*Material supplied*:
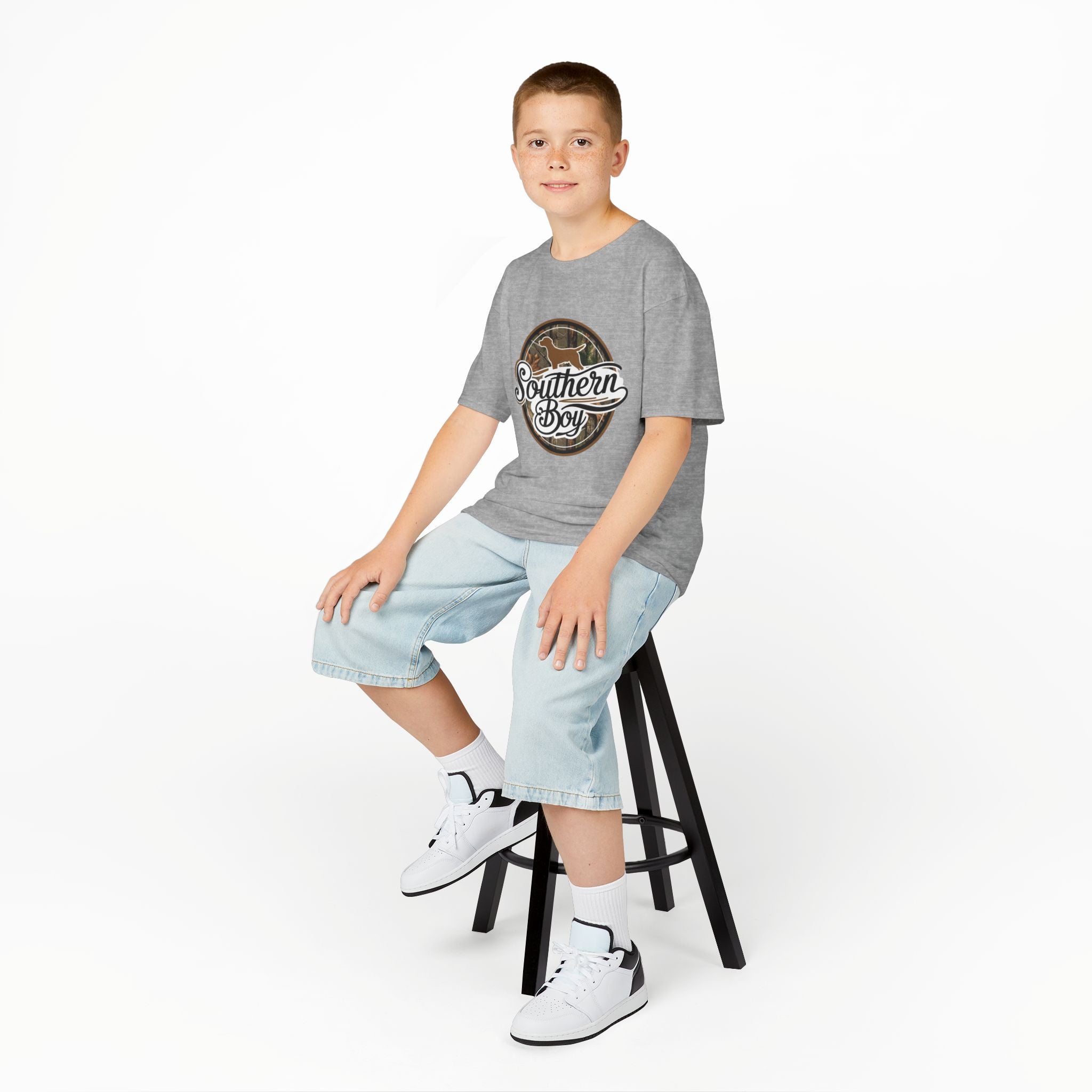 Kids "Southern Boy" Graphic Tee — Rustic Camouflage Horse Design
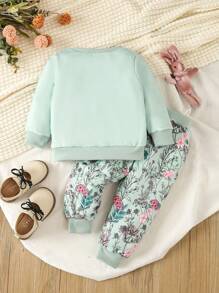 女婴可爱兔子和花卉印花运动衫和裤子套装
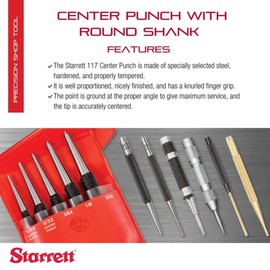 Starrett 117E Centre Punch With Round Shank, 5" Length, 1/4" Tapered Point Diameter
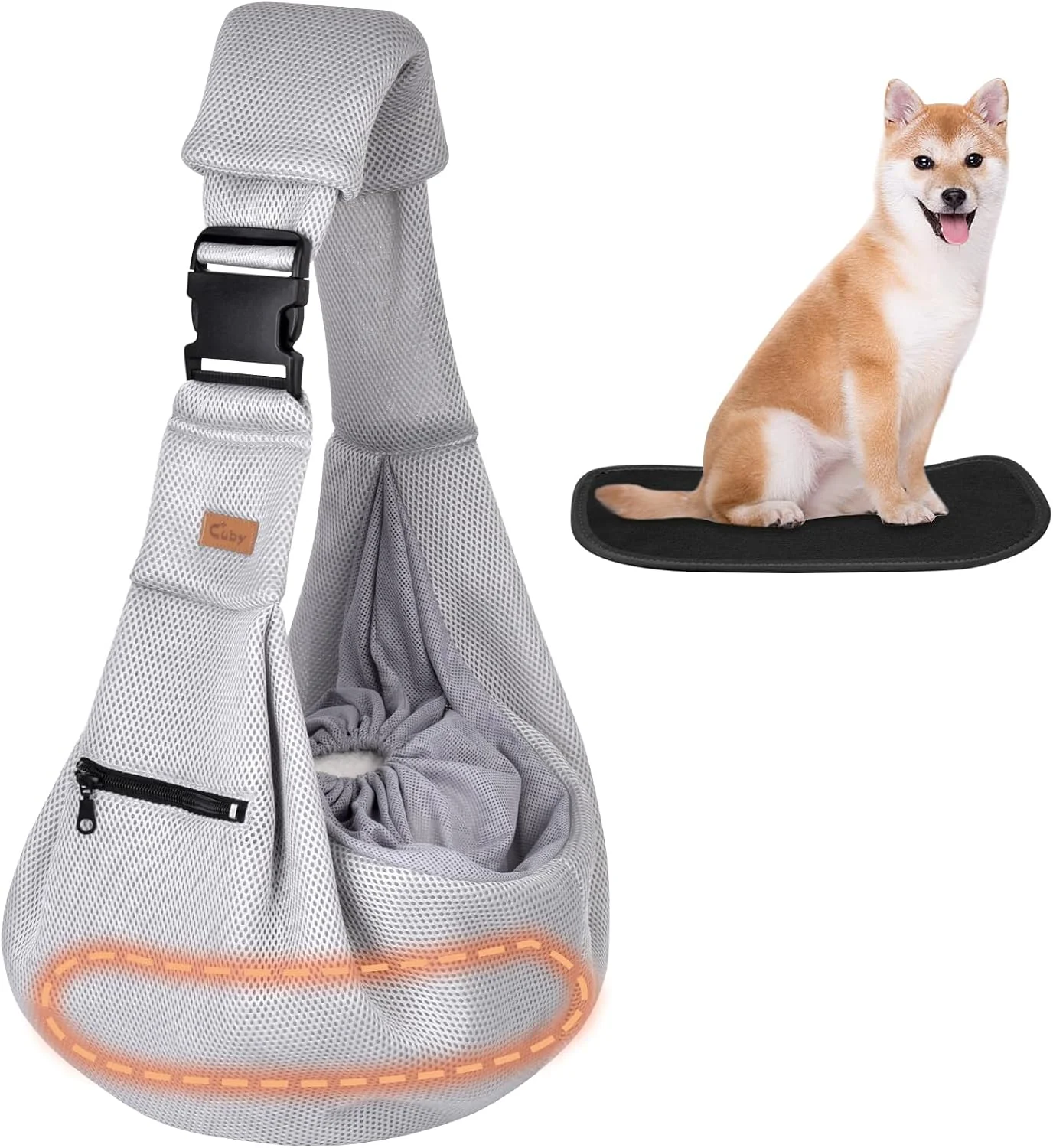 CUBY Dog and Cat Sling Carrier - Hands Free Breathable Mesh Small Dog Sling Carrier-Soft Pouch and Tote Design-Suitable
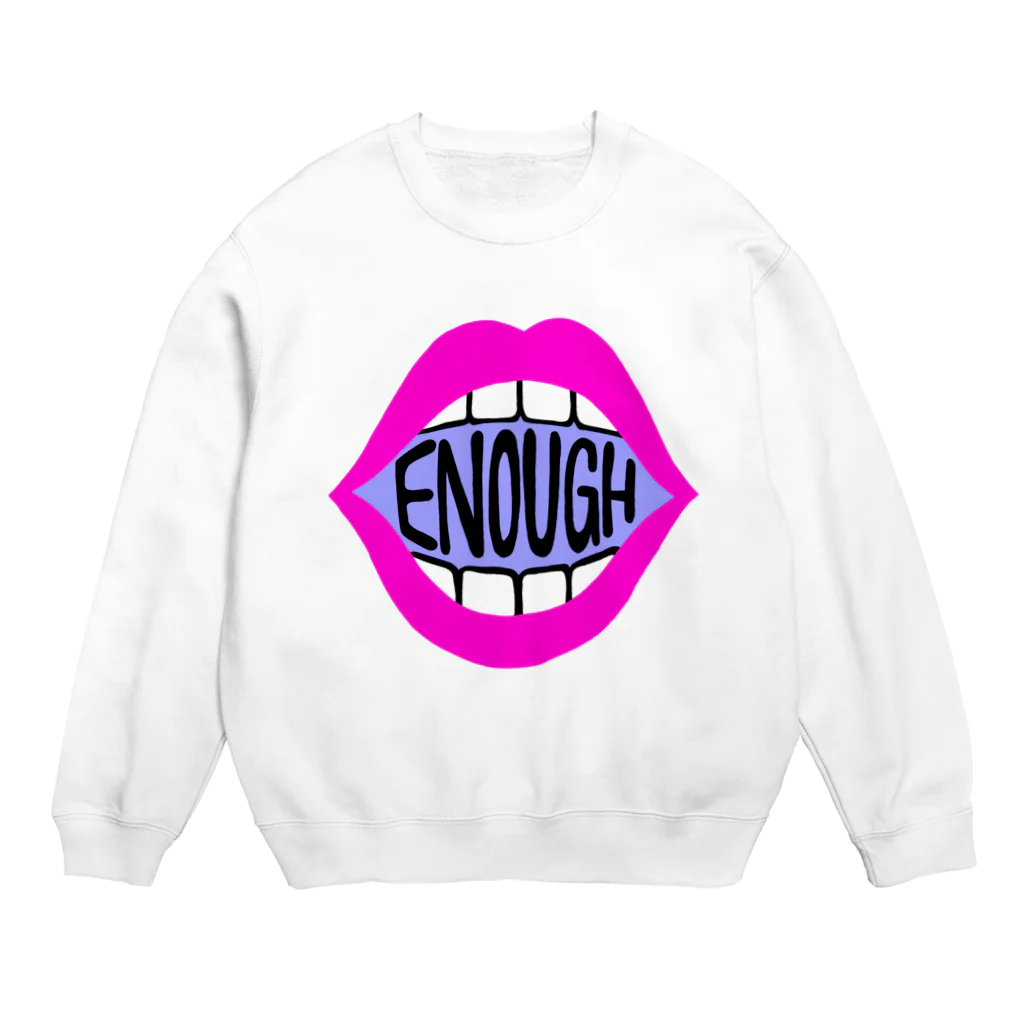 Mieko_KawasakiのENOUGH IS ENOUGH! MOUTH PINK Crew Neck Sweatshirt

*Activity*:
Once the pictures are set aside, copy the remaining text of every entry exactly.

*Result of this task*:
 Kids "Southern Boy" Graphic Tee — Rustic Camouflage Horse Design
 女婴可爱兔子和花卉印花运动衫和裤子套装
 Starrett 117E Centre Punch With Round Shank, 5" Length, 1/4" Tapered Point Diameter
 CUBY Dog and Cat Sling Carrier - Hands Free Breathable Mesh Small Dog Sling Carrier-Soft Pouch and Tote Design-Suitable
 Mieko_KawasakiのENOUGH IS ENOUGH! MOUTH PINK Crew Neck Sweatshirt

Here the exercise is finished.